There's a lot of talk about feminism and empowering women these days, and we keep discussing that we need strong female role models. But more often than not, when they get put in headlines, movies, or books, they end up being some kind of stereotype, or some kind of reduced version of a human being. She's smart, and that makes her strong. She's strong, and that makes her strong. She's emotionless, and that makes her strong. What actually makes a strong female role model? What does a strong woman look like?
As I've said, there are countless different images of strong women floating around, and of course, many of them are, to some degree, right. The problem is not that there's a specific image of the ideal "strong woman," the problem is that we're reducing a woman to the adjective "strong." "Strong" is the highest goal, but strength, as a person, is so closely connected to identity that if a woman doesn't know who she is, then it's going to be really hard for her to be strong. She'll cave in on herself because she doesn't know who she actually is.
The strongest women I've ever met, and the strongest women I've ever identified, have had deep knowledge of who they are as people. Their identity is not "strong," it's the great complexity of their identities that makes them strong.
I think of Dagny Taggart when I think of a strong woman. She's incredibly intelligent, fierce, and she knows what she wants. Yet, she's still feminine. She doesn't sacrifice her femininity for the sake of "strength" because she knows her femininity is part of what makes her strong. She knows who she is. She knows she's smart. She knows she's the best. She's strong because she embraces herself.
I think of my mama, who is daily getting stronger because she is daily discovering more and more of the person God created her to be. She's graceful, feminine, gentle, kind, and so loving. And she's strong because she never denies her tears. Any kind of strength I have learned, I have learned from her.
I think of my sister, who is strong because she's fierce, witty, smart, beautiful, and great at managing things. She's strong because she knows who she is. She knows her strength, she knows her weakness. She will tell you all about her strengths, and you'll smile.
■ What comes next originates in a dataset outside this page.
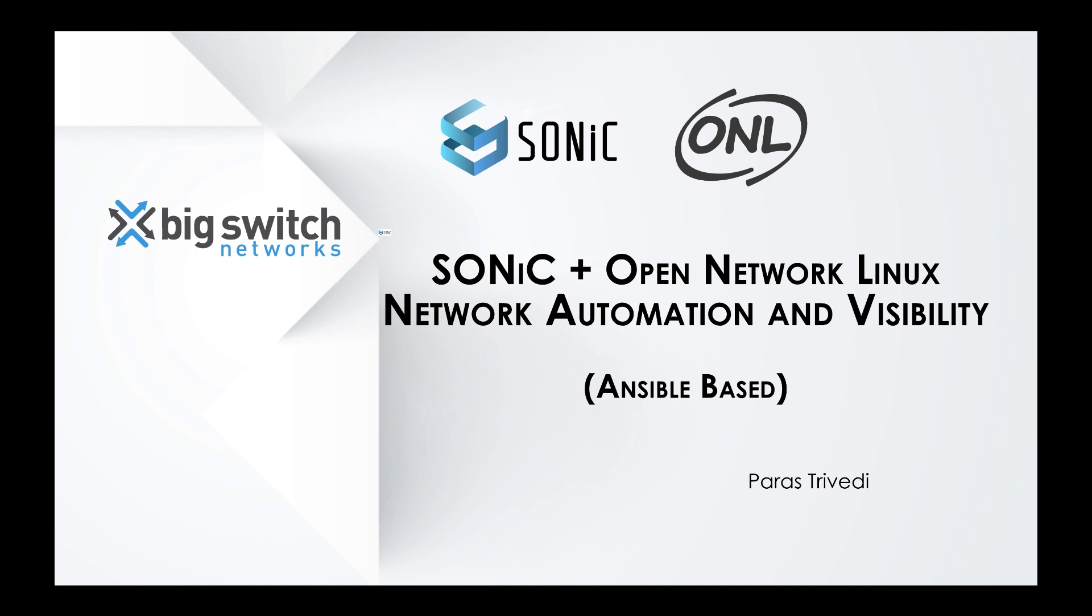This video demonstrates network automation using Ansible on open networking switches for SONiC plus Open Network Linux to deploy multi-tier layer 3 BGP fabric.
You'll probably think of something else when you think of a strong woman, but the point is that there is no specific image of a strong woman. Any woman can be a strong woman so long as she knows and embraces who she is as a person. When you know who you are, there's a kind of uncompromising integrity about you. That's why identity comes before strength, and why any sort of true identity can become strong. A facade will break when pressed upon, but a woman who knows herself (and all her quirks, strengths, weakness, idiosyncrasies, all those things that cannot be simply listed, all those things that make up a human person) will stand firm. Don't tell your daughter to be strong, let her know she is strong.